At the side of the receiver, prior conceptions and stereotypes may be significant, as are the general motivational state of the information seeker (strength of the information need, available time and personal stake). These last conditions may determine the extent to which the user engages with central aspects of the message or relies on more peripheral cues (Hilligoss and Rieh, 2008). The selection and application of heuristics in perception, judgement and decision-making has been studied by social psychologists in a range of settings. The dual process theory suggests a fast, automatic cognitive system (system one), attuned to pattern recognition and parallel processing, and a slower analytical system (system two) that is brought to bear on more difficult and complex tasks. Significantly, system one may be that involved in the formation of beliefs and system two with their later ratification or rejection (Kahneman, 2011).
Interface heuristics and credibility
Credibility heuristics are relatively simple to manipulate experimentally and evidence of their influence on credibility judgements exists. Kim and Sundar found 'bandwagon cues' in the form of thread views, replies and share count to be more influential than authority cues in the assessment of the credibility of community-provided health information and the intention to share it ( Kim and Sundar, 2011). In a similar study for product reviews, unequivocal bandwagon cues were found to be more powerful than seals of approval in determining purchasing intention (Sundar, Xu, and Oeldorf-Hirsch, 2009)
For online news, source credibility may be a key heuristic, though freshness and the number of related stories may take over if the source credibility is not immediately recognisable (Sundar, Knobloch-Westerwick and Hastall, 2007)

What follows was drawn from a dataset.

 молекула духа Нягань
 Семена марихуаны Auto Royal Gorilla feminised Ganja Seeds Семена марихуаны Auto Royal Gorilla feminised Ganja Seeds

Popularity signals for community users may also function as a heuristic when present. On Quora, users also reported the tendency for people with large numbers of followers to receive many up-votes for their answers, regardless of the answer quality. This made it more difficult for other answers to receive attention (Paul et al., 2012).
Rationale for credibility judgements
In a large study of the answer selection criteria employed in in Yahoo Answers, Kim and Oh divided criteria into overall classes by content (accuracy, specificity, clarity, rationality, completeness and style), cognitive (novelty, understandability), utility (effectiveness, suitability), information source (use of external sources, answerer expertise), extrinsic (external verification, available alternatives, speed) and socio-emotional (agreement, emotional support, attitude, effort, taste and humour). Socio-emotional, content and utility classes dominated (Kim and Oh, 2009). The authors noted that the importance of the socio-emotional type was connected to the types of thread analysed, which included a number of discussion, opinion-based questions.
Method
The study involved forty-two undergraduates and eleven postgraduates on a range of courses: undergraduates in computing and information science, undergraduates in philosophy and a postgraduate programme in information management. Students were selected as attendees from the author's own teaching programmes except for philosophy, which was arranged separately. Students took part in the investigation voluntarily in class time, though the questions chosen for each group were of relevance to their programme of study, so that participation was made to feel a little like an in-class test. Students were informed that the study was to investigate how students interact with online question-answering systems
Undergraduate computing and information science | Postgraduate information science |
Undergraduate philosophy | |
---|---|---|---|
Subjects | 29 | 11 | 13 |
Questions presented | 16 | 5 | 5 |
Rated answers (cues visible) | 294 | 63 | 75 |
Rated answers (cues not visible) | 243 | 66 | 114 |
An experimental interface for the study was created, employing data from the Stack Exchange family of Websites. Questions were preselected and question and answer text and metadata was downloaded to the interface on demand using the Stack Exchange API. Questions were chosen to be within the curricula of the students' courses, though not always covered in explicit detail or by the time of testing. For the undergraduate students, data was drawn from Stack Overflow or Philosophy Stack Exchange, whereas for the postgraduate students it came from the Library Stack Exchange Beta. Questions were chosen that had at least three viable answers and when more than three answers were available, a high, medium and low-ranking answer were selected from those available. Question order was randomised and in half of cases (by subject, chosen randomly) the credibility cues of votes, answerer reputation and user acceptance were hidden. In other cases this information was displayed prominently before the text of the users' answers.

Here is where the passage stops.